== Caption-style text data ==
###

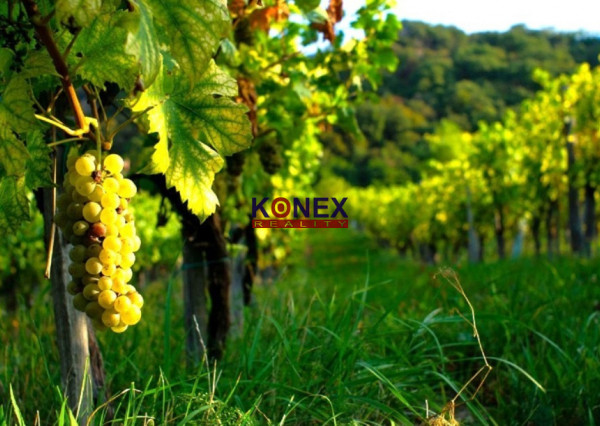 SUPER PONUKA – Krásny vinohrad vo vinohradníckej oblasti Tokaj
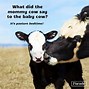 Image result for Funny Cow Pictures Humor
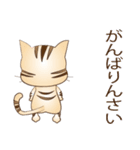 広島弁！野良猫のレオ（個別スタンプ：3）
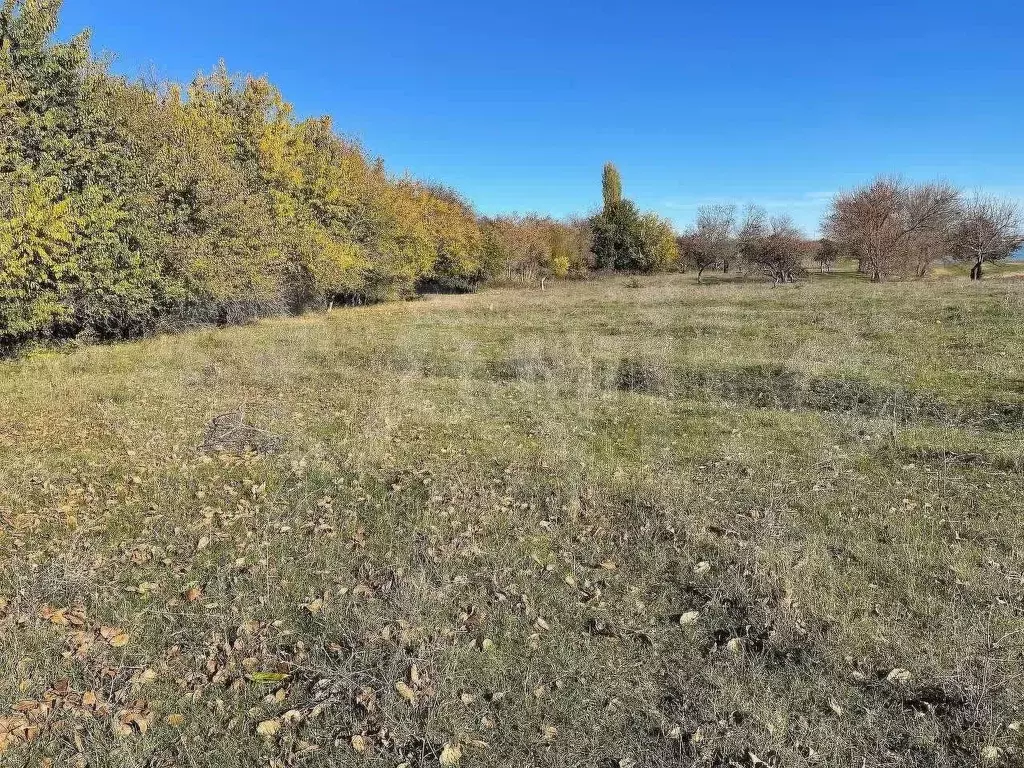 Участок 100 сот. (личное подсобное хозяйство (лпх)) - Фото 0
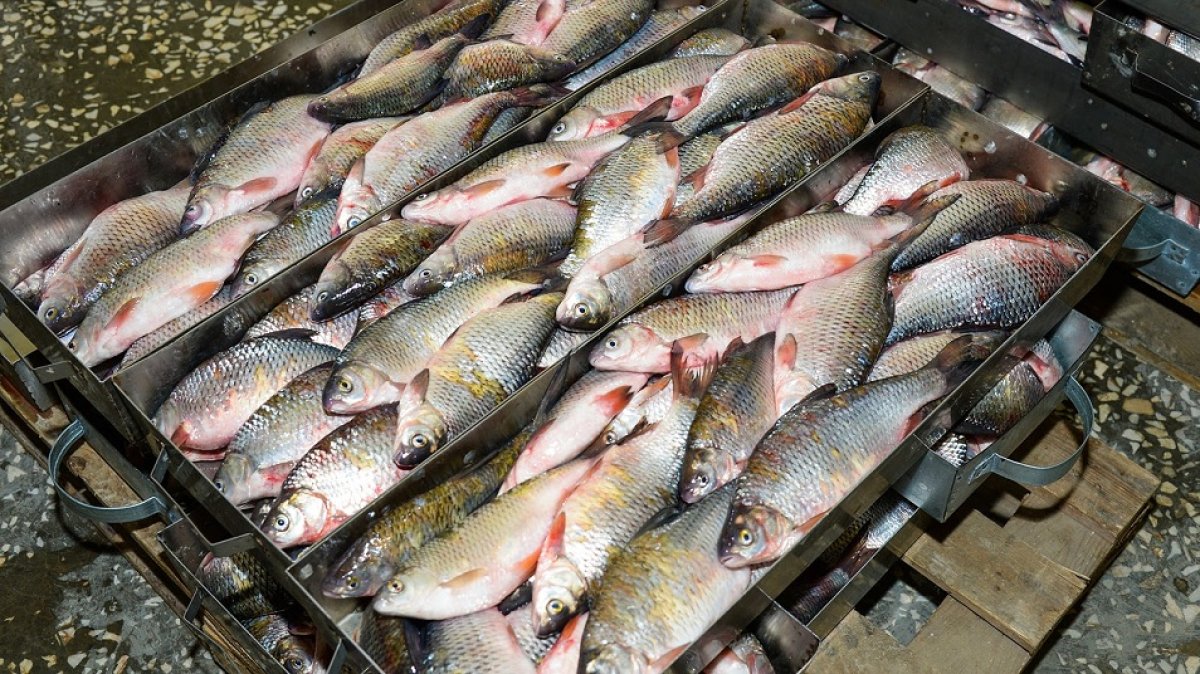 Құны 200 млн теңгеден асатын 60 тоннадан астам балық өнімі Қазақстаннан заңсыз экспортталған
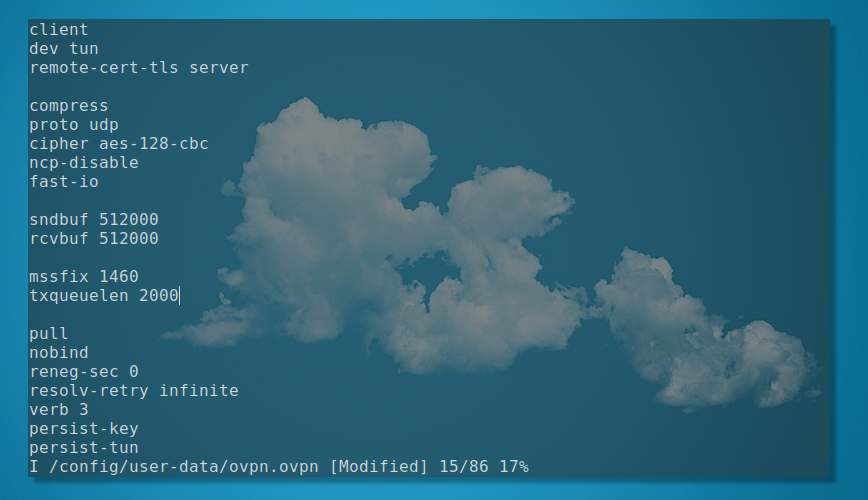 my openvpn config: /config/user-data/ovpn.ovpn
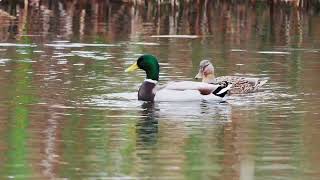 Mallard Ducks Head Bobbing Behaviour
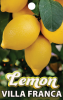 LEMON Villa Franca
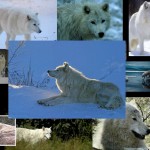 arctic wolf snow scenic wallpaper
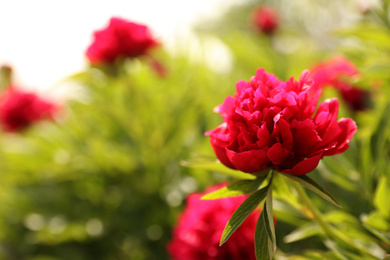 Photo of Beautiful red peony outdoors on spring day, closeup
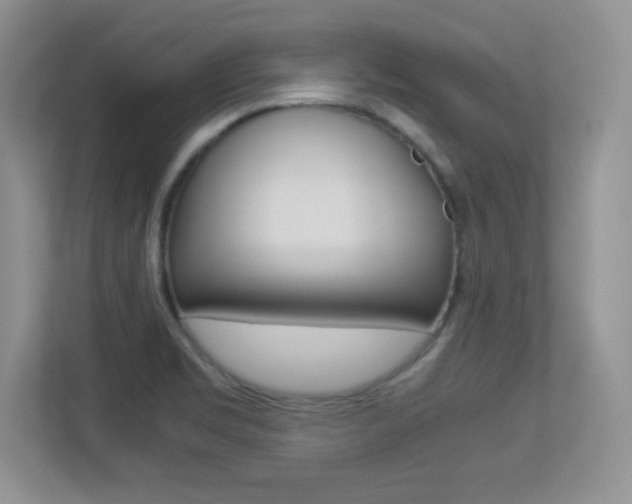 X0000113331469200909140957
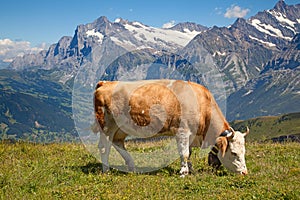 Swiss cow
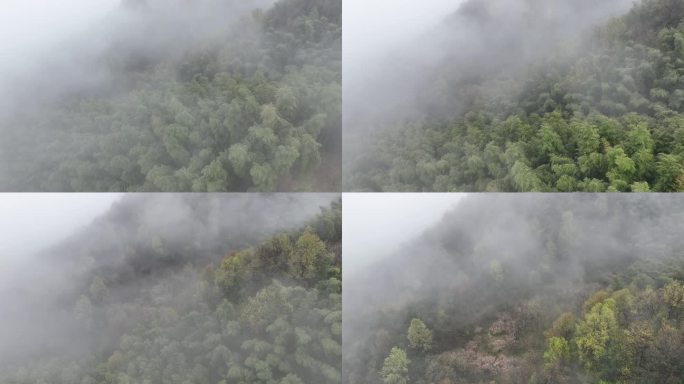 江南雨天云雾山林毛竹山竹林竹山竹海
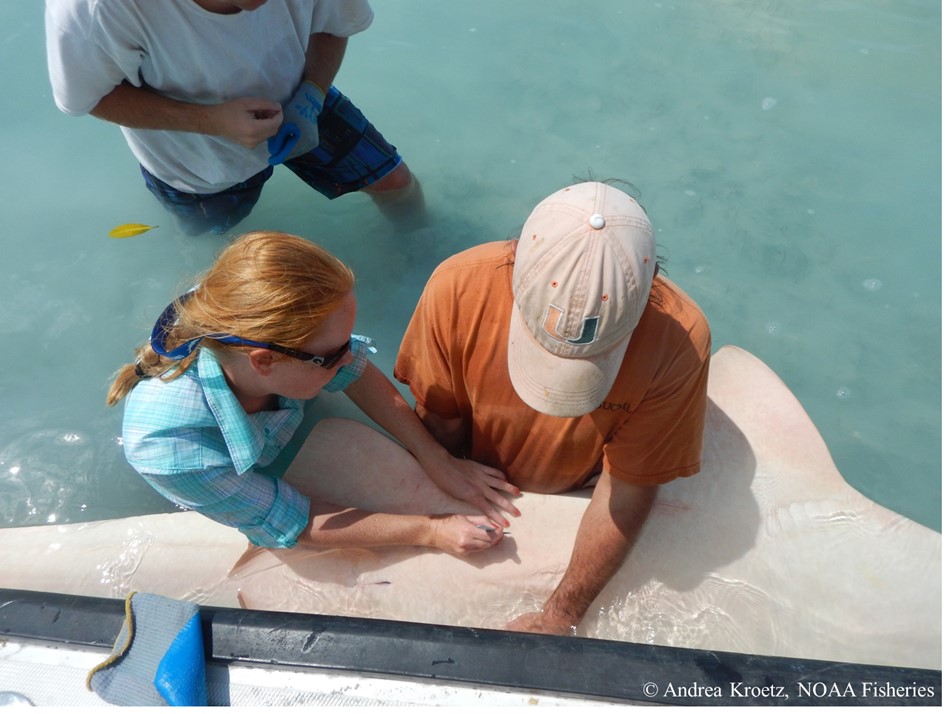 Dr. Andrea Kroetz (left, NOAA post-doc) and Dr. Dean Grubbs (right, FSUCML faculty) completing the first ever surgical implantation of a 10 year acoustic tag into a smalltooth sawfish (Pristis pectinata)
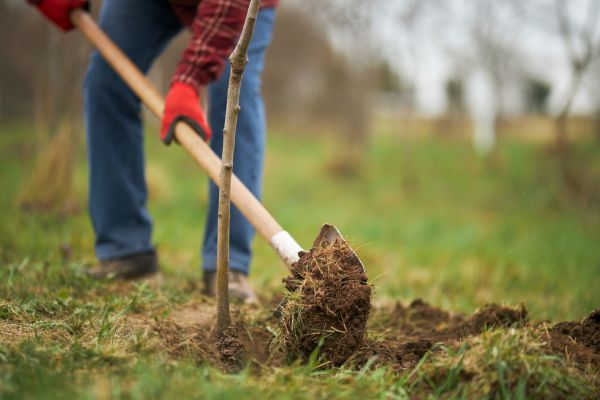 Trees Planting in Farmington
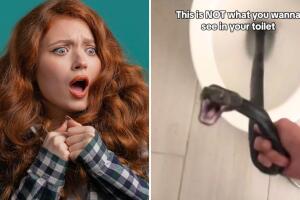 collage_septiembre_inodoro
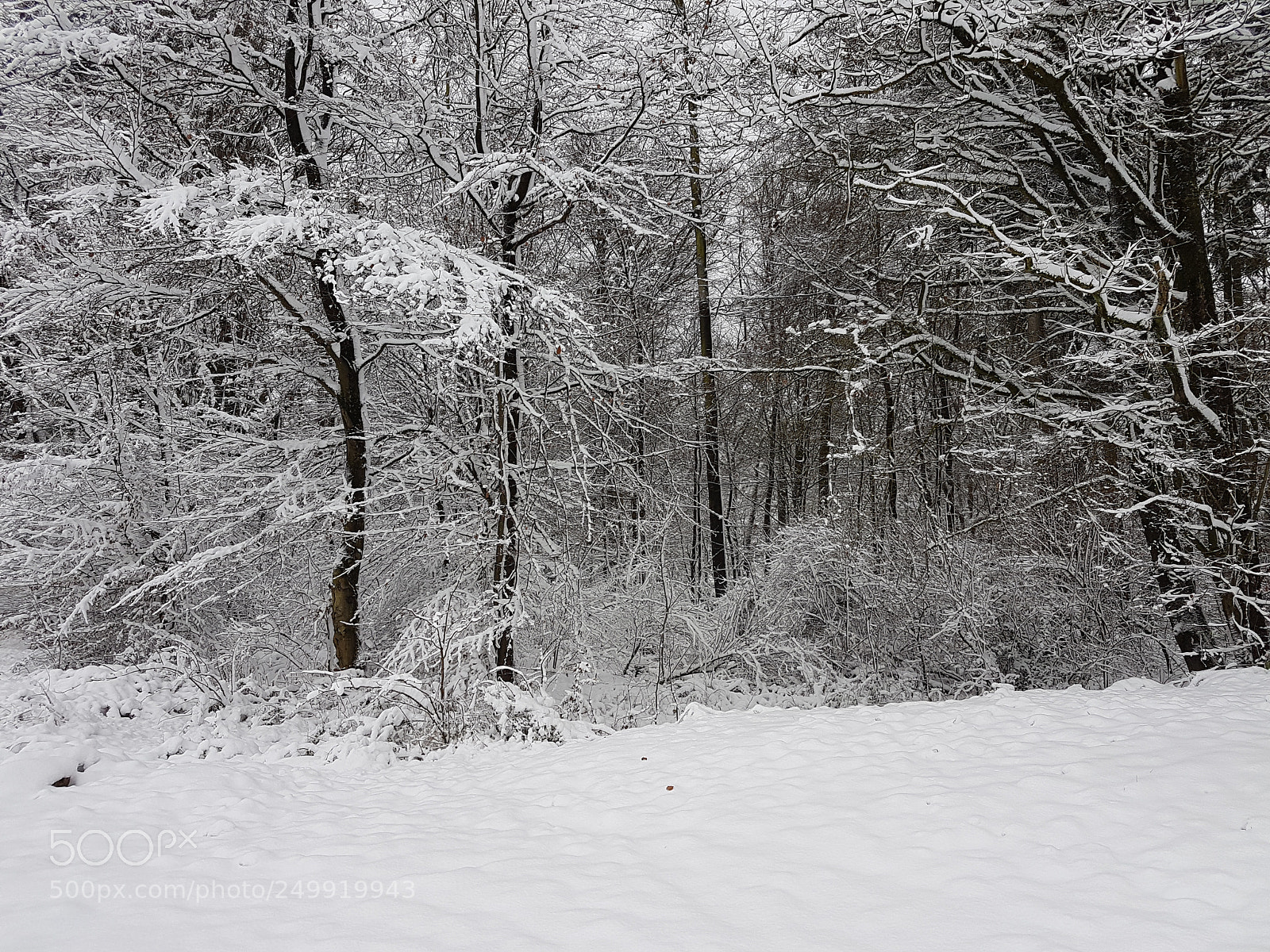Samsung Galaxy S7 sample photo. Wipperf rth wald schnee photography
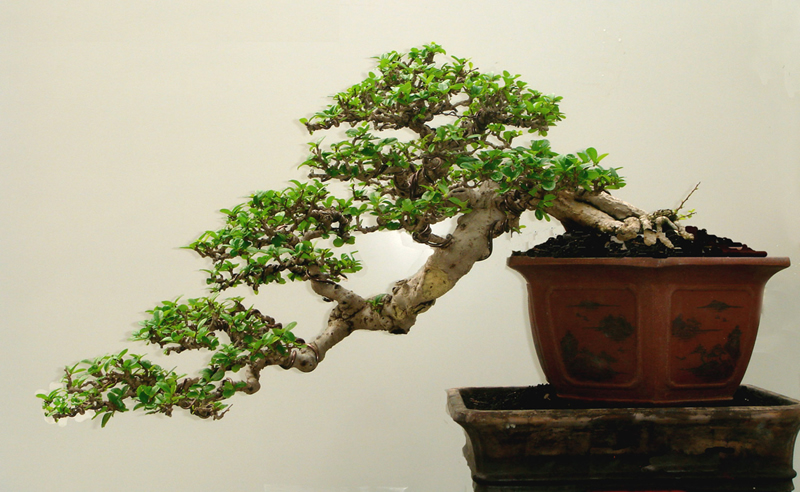 Bonsai Carmona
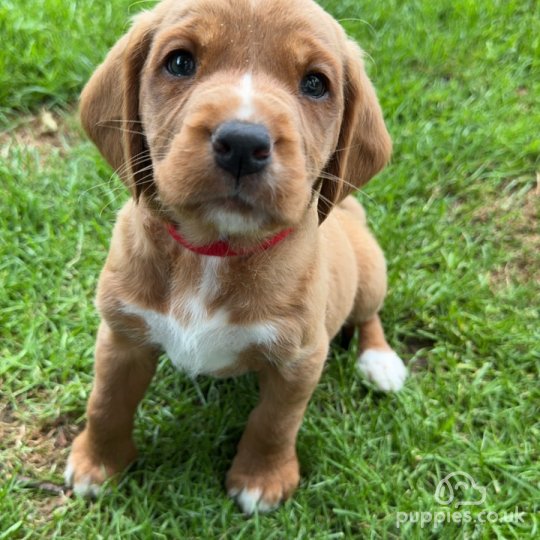 Labrador Retriever - Both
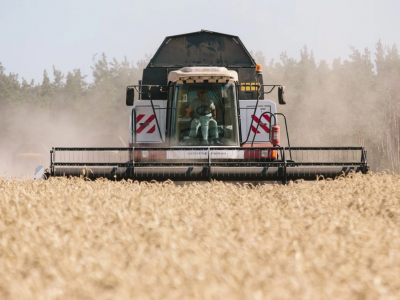 Growing risk of hunger as Russians loot southern east Ukraine's grain stockpiles - Gaidai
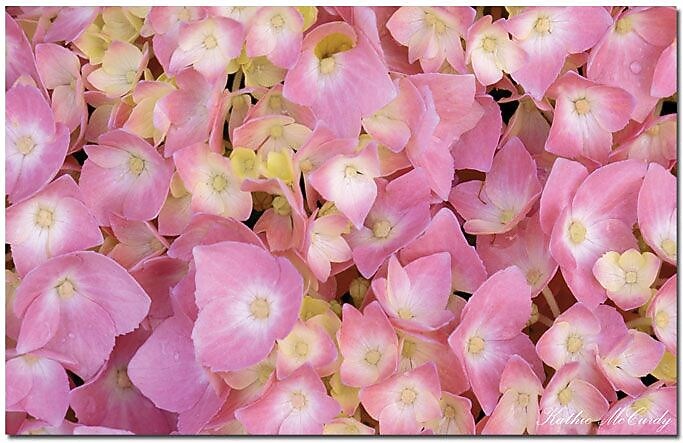 Trademark Global Kathie McCurdy "Pink Hydrangea" Canvas Art, 30" x 47"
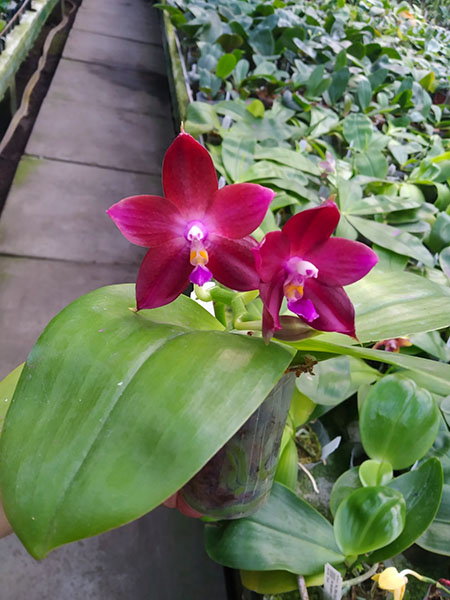 Phalaenopsis Mituo Reflex Dragon 'Blue-2' x Mituo Speciosa 'Mituo#1'.jpg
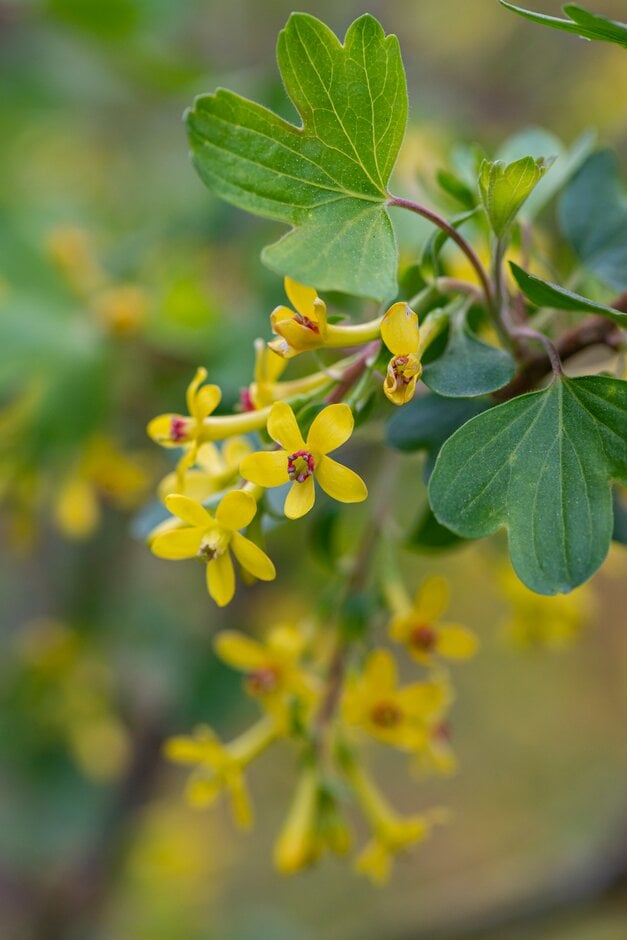 buffalo currant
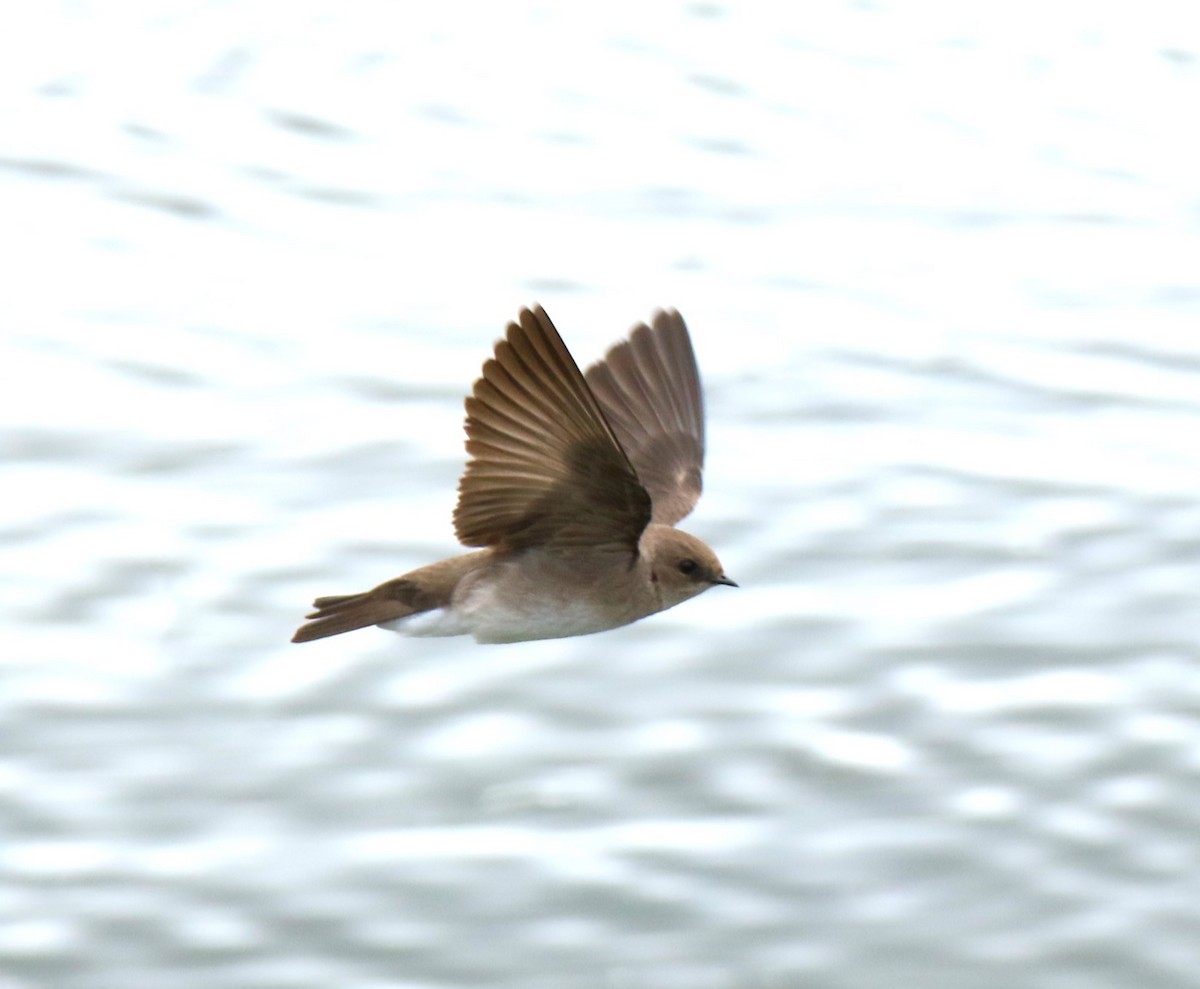 Northern Rough-winged Swallow - ML618528327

###

== Exercise description ==
Write the lines out again exactly, beginning at the one containing "Bonsai Carmona" and ending with the last line of the entries, but without any pictures.

== Solution for this problem ==
 Bonsai Carmona
 Labrador Retriever - Both
 Growing risk of hunger as Russians loot southern east Ukraine's grain stockpiles - Gaidai
 Trademark Global Kathie McCurdy "Pink Hydrangea" Canvas Art, 30" x 47"
 Phalaenopsis Mituo Reflex Dragon 'Blue-2' x Mituo Speciosa 'Mituo#1'.jpg
 buffalo currant
 Northern Rough-winged Swallow - ML618528327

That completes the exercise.